Much of statistical inference concerns the location of the population mean \(\mu\) for a given parametric distribution. Some of the most common approaches to making inference about \(\mu\) utilize a test statistic that follows a t distribution.


One Sample t Test

A one sample t test is used when there is a hypothesized value for the population mean \(\mu\) of a single quantitative variable.

Overview

This test is only appropriate when both of the following are satisfied.

  1. The sample is representative of the population. (Having a simple random sample is the best way to do this.)

  2. The sampling distribution of the sample mean \(\bar{x}\) can be assumed to be normal. This is a safe assumption when either (a) the population data can be assumed to be normally distributed or (b) the size of the sample taken from the population is large.

Hypotheses

\(H_0: \mu = \text{some number}\)

\(H_a: \mu \ \left\{\underset{<}{\stackrel{>}{\neq}}\right\} \ \text{some number}\)

Examples: sleepOne


R Instructions

Console Help Command: ?t.test()

t.test(object, mu = YourNull, alternative = YourAlternative, conf.level = 0.95)

  • object must be a “numeric” vector.
  • YourNull is the numeric value from your null hypothesis for \(\mu\).
  • YourAlternative is one of the three options: "two.sided", "greater", "less" and should correspond to your alternative hypothesis.
  • The value for conf.level = 0.95 can be changed to any desired confidence level, like 0.90 or 0.99. It should correspond to \(1-\alpha\).

Explanation

In many cases where it is of interest to test a claim about a single population mean \(\mu\), the one sample t test is used. This is an appropriate decision whenever the sampling distribution of the sample mean can be assumed to be normal and the data represents a simple random sample from the population. (Review of what makes the sampling distribution of the sample mean normal.)

In the figure below, the null hypothesis \(H_0: \mu = \mu_0\) is represented by the normal distribution (gray) centered at \(\mu_0\). Note that \(\mu_0\) is just some specified number. This shows how the null hypothesis represents the assumption about the center of the distribution of the data.

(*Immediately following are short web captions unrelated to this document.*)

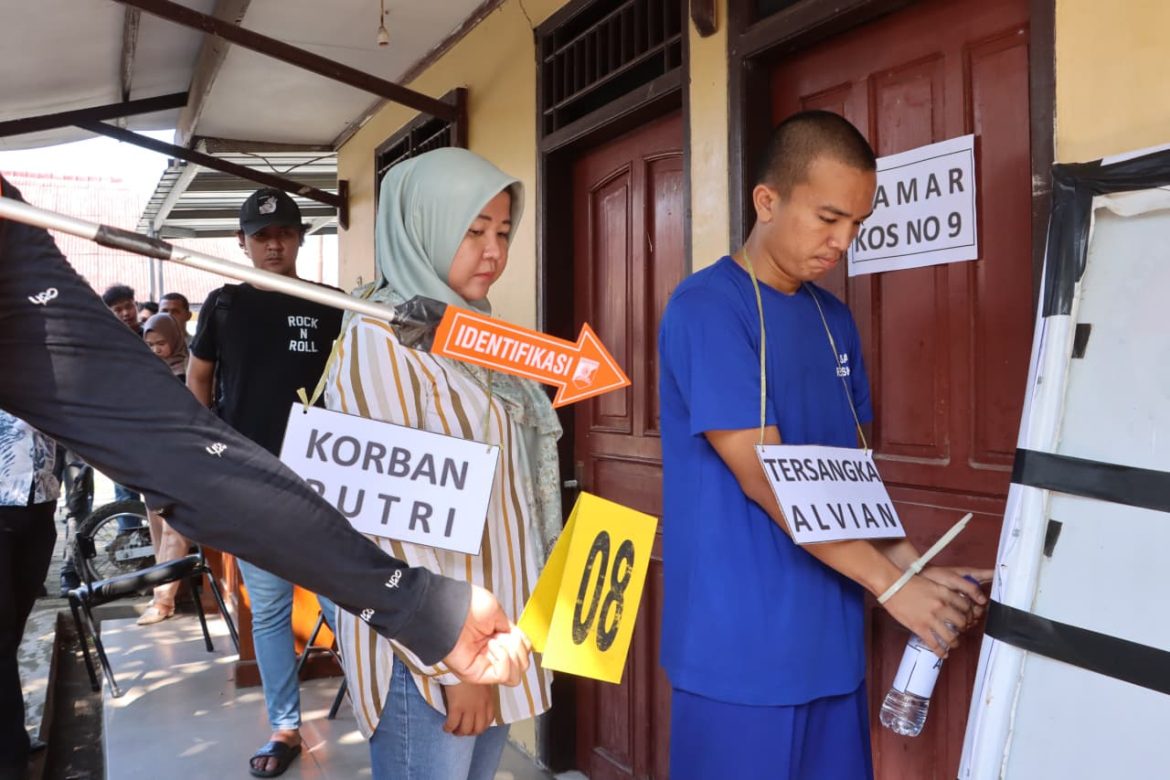 Polres Indramayu Gelar Rekonstruksi Kasus Pembunuhan Tersangka AS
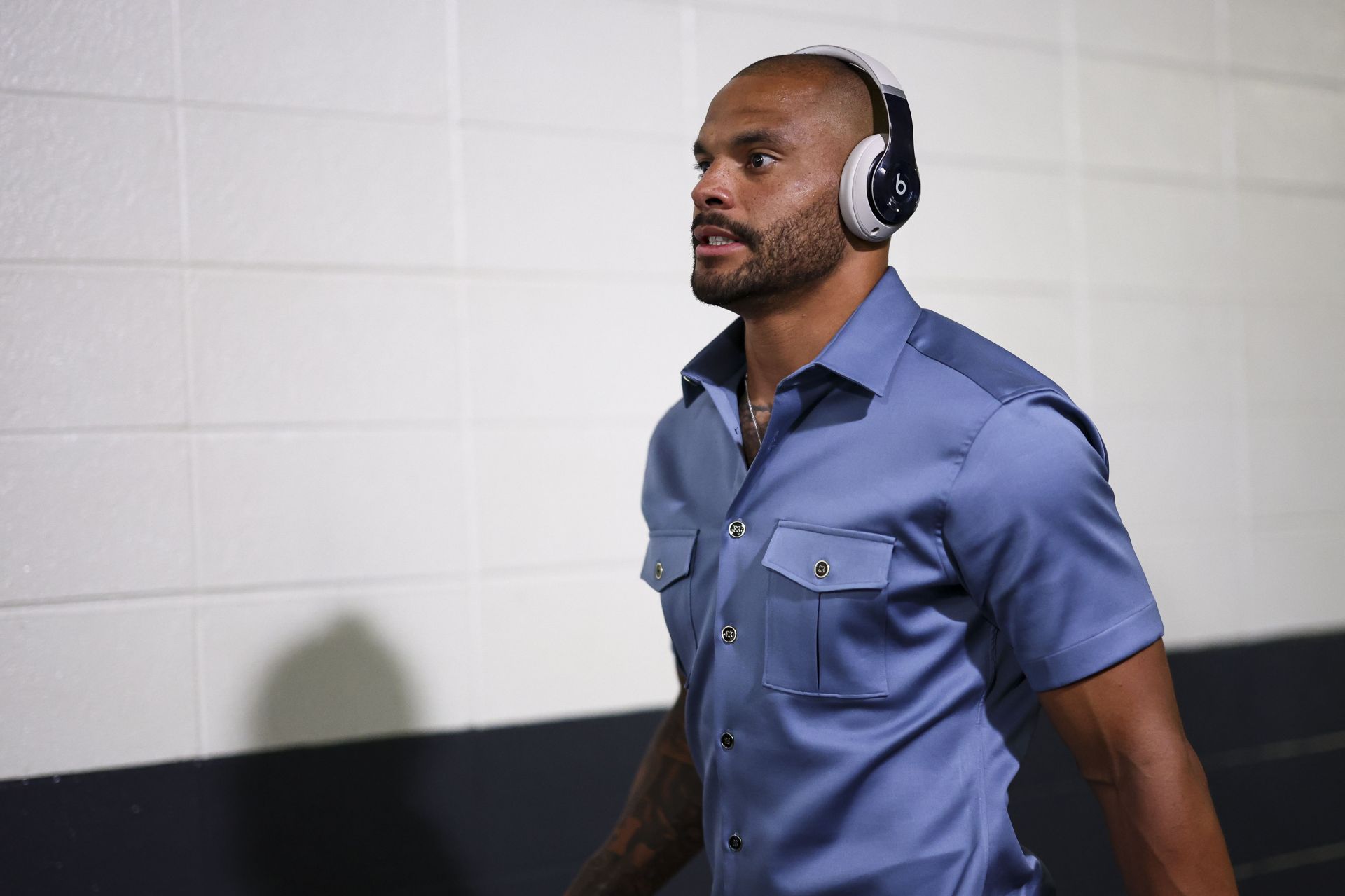 "Horrible per usual," "No Aura" - NFL fans react to Dak Prescott's new look for 2025 season as Cowboys prepare to take on Eagles in season opener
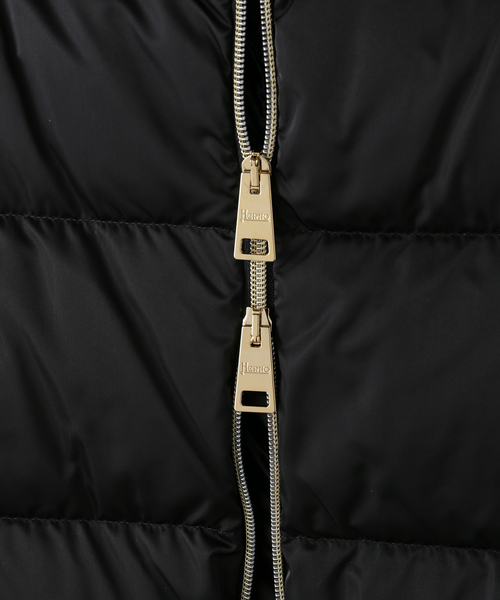 IENA（イエナ）の「HERNO/ヘルノ DOWN CT ダウンコート PI1304D（ダウンジャケット/コート・レディース・チャコールグレー/ブラック・36/38）」の8枚目の写真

After a hypothesis (null) is established and an alternative hypothesis similarly declared, a simple random sample of data of size \(n\) is obtained from the population of interest. In the plot above, this is depicted by the points (blue dots) which are centered around their sample mean \(\bar{x}\).

Above the points (blue dots) is shown a second normal distribution (blue dashed line) which represents the idea that the alternative hypothesis allows for a normal distribution which is potentially more consistent with the data than the one specified under the null hypothesis.

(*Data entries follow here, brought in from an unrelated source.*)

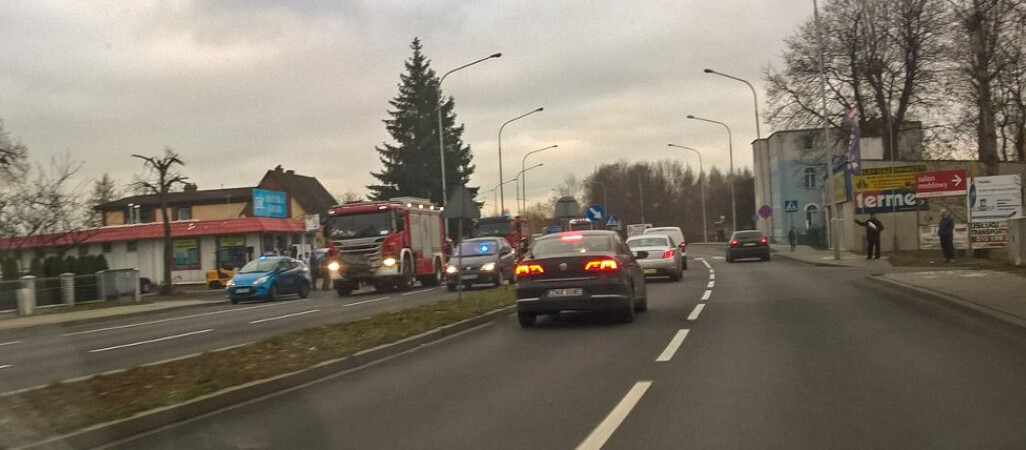 81-latek wjechał w przechodniów na przejściu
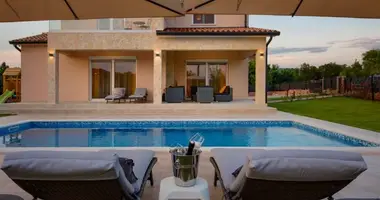 Villa 4 chambres dans Rabac, Croatie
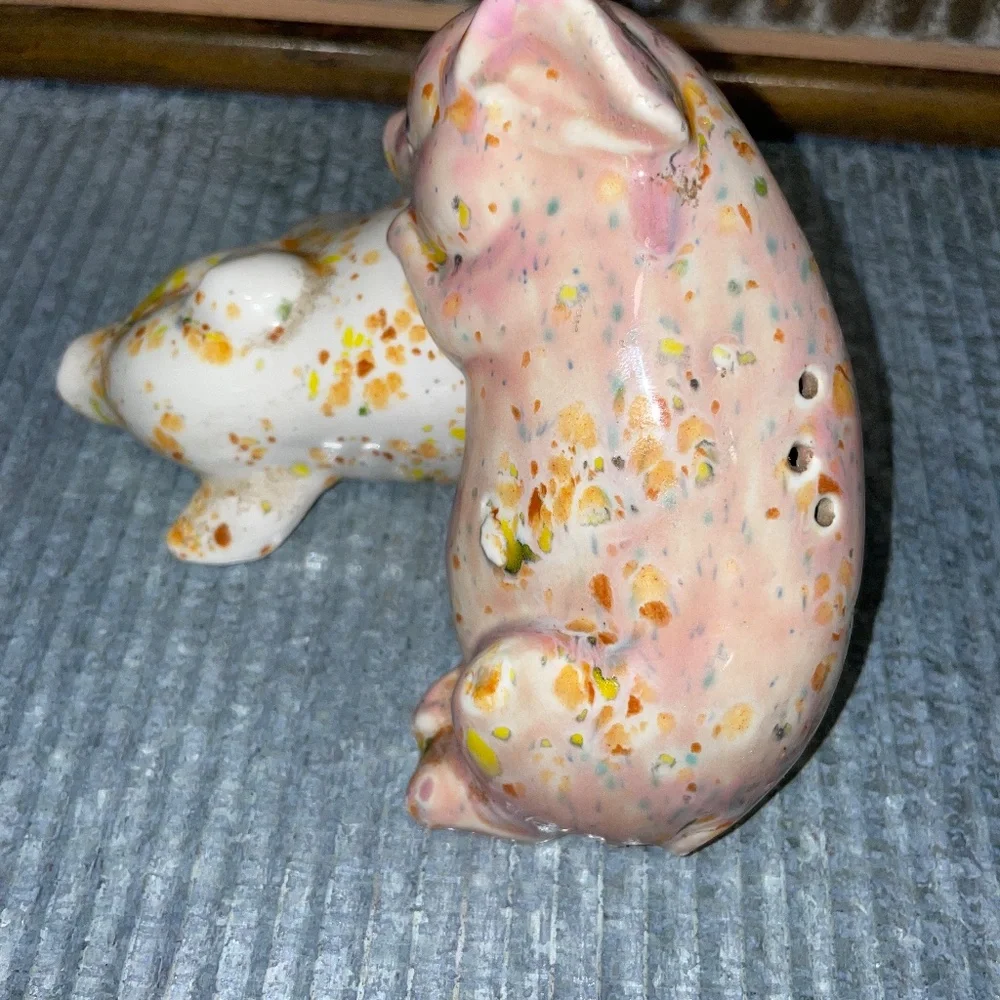 Vintage Nesting Farmhouse Speckled Resting Pigs Ceramic‎ Salt & Pepper Shakers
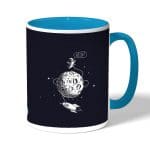 كوب قهوة بمقبض ازرق فاتح بتصميم رائد فضاء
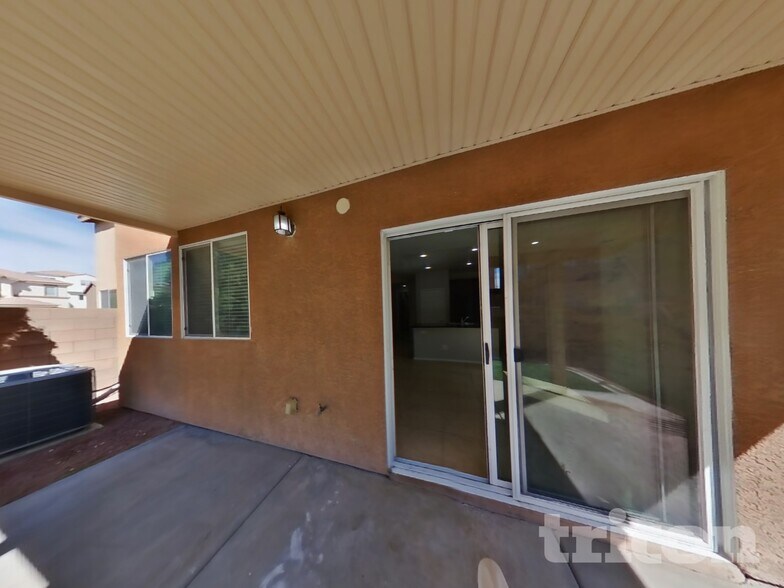 Building Photo - 9273 Grassy Weep Ct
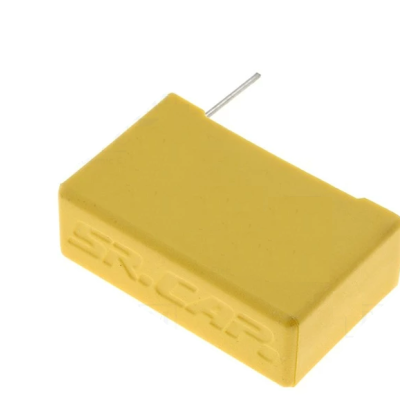 Componente eletrónico amarelo com duas pontas metálicas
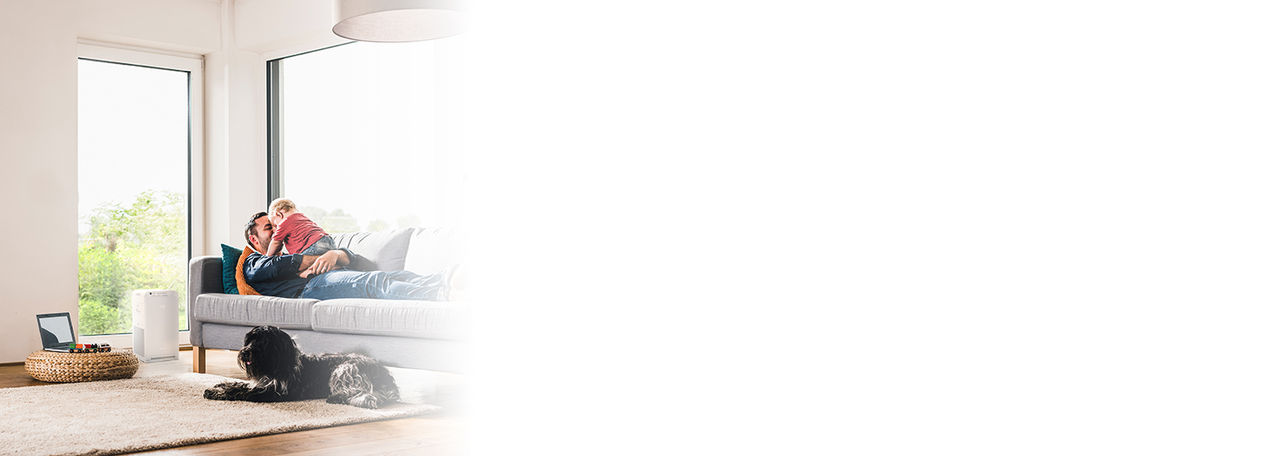 Tēvs ar bērnu dīvānā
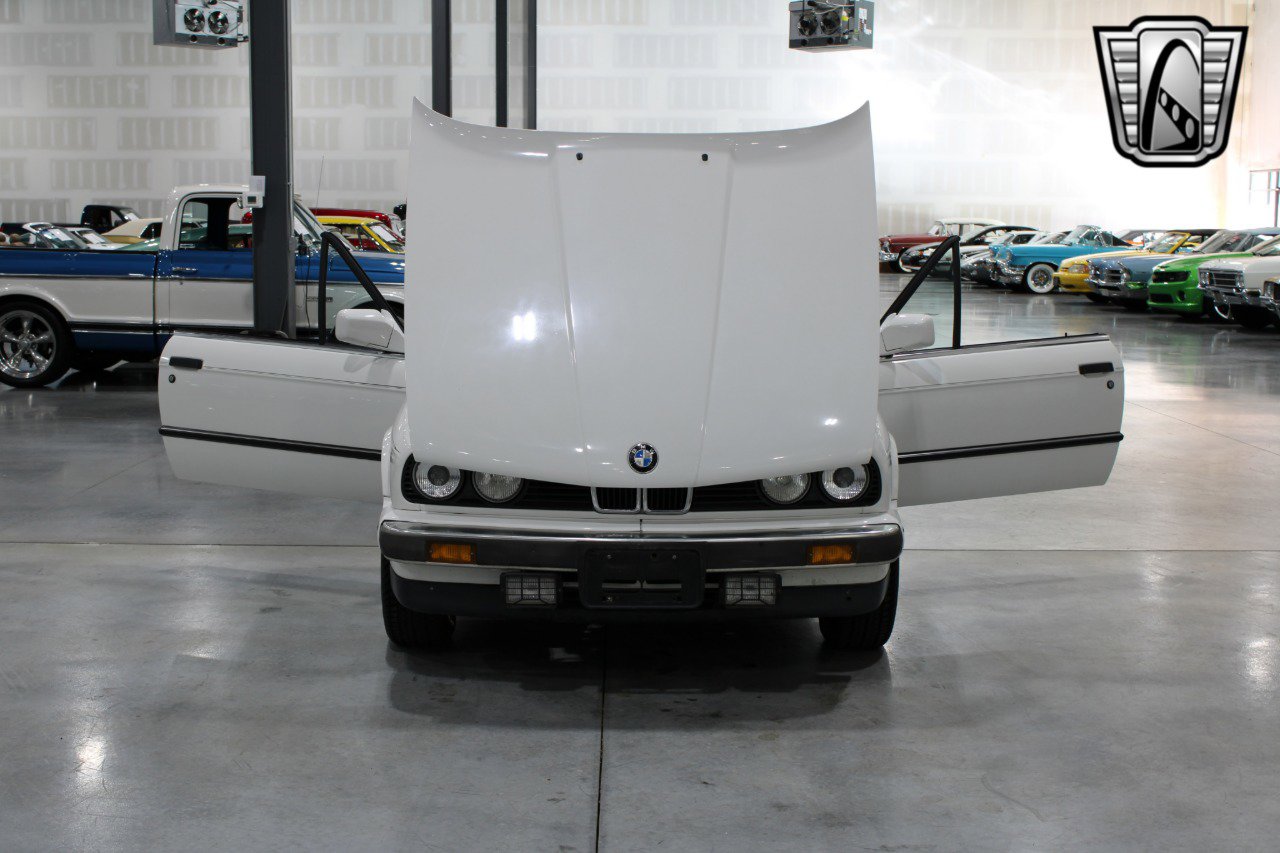 Used 1988 BMW 325i Convertible image 21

The role of the one sample t test is to measure the probability of a sample mean being as extreme or more extreme from the hypothesized value of \(\mu_0\) than the one observed assuming the null hypothesis is true. This probability is of course the p-value of the test. This works because the sampling distribution of the sample mean has been assumed to be normal. In this case, the distribution of the test statistic t, \[ t = \frac{\bar{x}-\mu}{s/\sqrt{n}} \]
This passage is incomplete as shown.